Willis v. Fowler

Decision Date17 June 1931
Citation102 Fla. 35,136 So. 358
PartiesWILLIS v. FOWLER et al.
CourtFlorida Supreme Court

En Banc.

Suit by Holman Willis against Mrs. M. C. Fowler, a free dealer, and others. From an order sustaining a demurrer and dismissing complainant's bill, and from orders sustaining exceptions to bill and canceling a lispendens, complainant appeals.

Order dismissing the bill reversed, and, in other respects, the orders affirmed.

ELLIS J., dissenting.

Syllabus by the Court.

SYLLABUS

Equity has jurisdiction to decree rescission of a parol contract where the usual grounds necessary to be shown to entitle a party to rescission are made to appear, and the contract is not illegal or void on account of being contrary to statute or public policy.

Rescission and cancellation in equity usually go together, but, in so far as the physical cancellation of a written instrument is concerned, they are not inseparable. While a decree for rescission alone might amount to a judicial annulment of the contract, whether oral or written, yet, in its strictest sense, actual cancellation would ordinarily apply only to written instruments.

Rescission without actual cancellation may be granted where the decree of rescission will sufficiently protect the complainant's right, and cancellation of the instrument or contract involved is unnecessary, or for some reason improper, as where the instrument is voidable as to the complainant, but valid as to the other parties thereto.

In a case where a court of equity would be justified in declaring rescinded and void a parol agreement and requiring each party to restore to the other that which had been received by reason of the agreement thus abrogated, the decree of rescission would generally afford the complainant all necessary protection, there being no written evidence of the contract which could be vexatiously used against him.

Good pleading requires that a bill in equity to rescind a contract should set out among other things the agreement, the parties thereto, and the time, place, and circumstances of its execution, and whether it was a parol or written contract. The substance, at least, of the contract should be alleged in the bill, and, if it was a written contract, a copy thereof should either be incorporated in the bill or attached as an exhibit thereto. The bill should also show with reasonable certainty what consideration complainant had given ahd what he had received, if any, under the contract, and that he had seasonably returned or offered to return the same after discovering the fraud upon which his demand for rescission and the return to him of what he had paid on the contract is based.

The general rule is that, where rescission is prayed on the ground that the execution of the contract was procured by false representations as to material facts, the complainant must show that he was both deceived and injured by such representations.

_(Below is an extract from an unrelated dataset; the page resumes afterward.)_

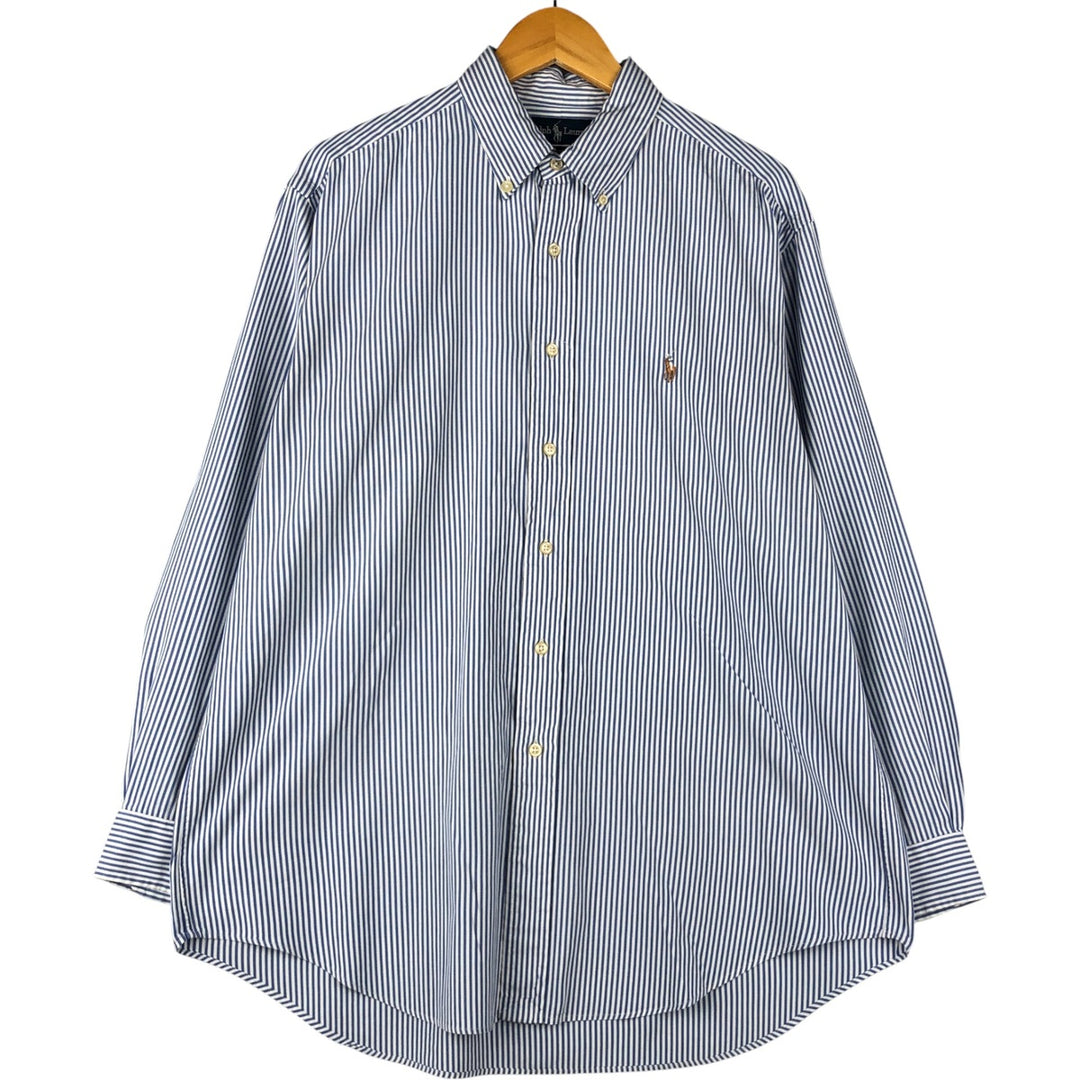 Ralph Lauren YARMOUTH Long Sleeve Button-Down Striped Shirt, Men's Size L cotton Blue type light blue Vintage Second Hand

When fiduciary relations exist between the parties, or when the defendant, as a part of the transaction, was inviting the complainant to enter into fiduciary relations with the defendant, the defendant is in duty bound to act in the utmost good faith with the complainant. The fact of invited confidence necessarily carries with it the superlative degree of frankness and square dealing. Thus where the bill alleged that the defendant invited the complainant to purchase with herself and another party each a one-tenth interest in a land purchase contract, each on the same basis of $6,666.67 each and the complainant paid the defendant that amount, when, as a matter of fact, the defendant had already purchased all three shares at $2,500 per share, these allegations show injury to the complainant to the extent of the difference between $2,500 and $6,666.67, as under the circumstances the defendant had no right to take from the complainant anything in excess of what she was paying herself.

Whether the parties to a particular contract have thereby created as between themselves the relation of joint adventurers is dependent upon their intention, which is to be determined in accordance with the ordinary rule governing the interpretation of contracts.

A joint adventure is very similar to a partnership, the chief distinction being that where a partnership is ordinarily formed for the transaction of a general business of a particular kind, a joint adventure is usually, but not necessarily, limited to a single transaction, though the business of conducting it to a successful termination may continue for a considerable period of time. The joint adventurers are entitled to share in the profits, and must also share the losses, if any, which result.

Where one party proposes to another that they each purchase shares in a joint adventure already formed by other parties, which transaction, if carried through, would have made them joint adventurers, the nature of the proposal invited confidence and trust and requires on the proposer's part entire fairness and good faith and the truthful disclosure of the actual amount at which the then owners were willing to sell their shares in the joint adventure.

It is well settled that, where one person occupies towards another the position of a joint purchaser, it becomes his duty fully and honestly to disclose the true purchase price of the property to be acquired, and he lays himself open to an action for fraud if he misrepresents the matter and induces his associate to contribute more than his share of the actual consideration paid.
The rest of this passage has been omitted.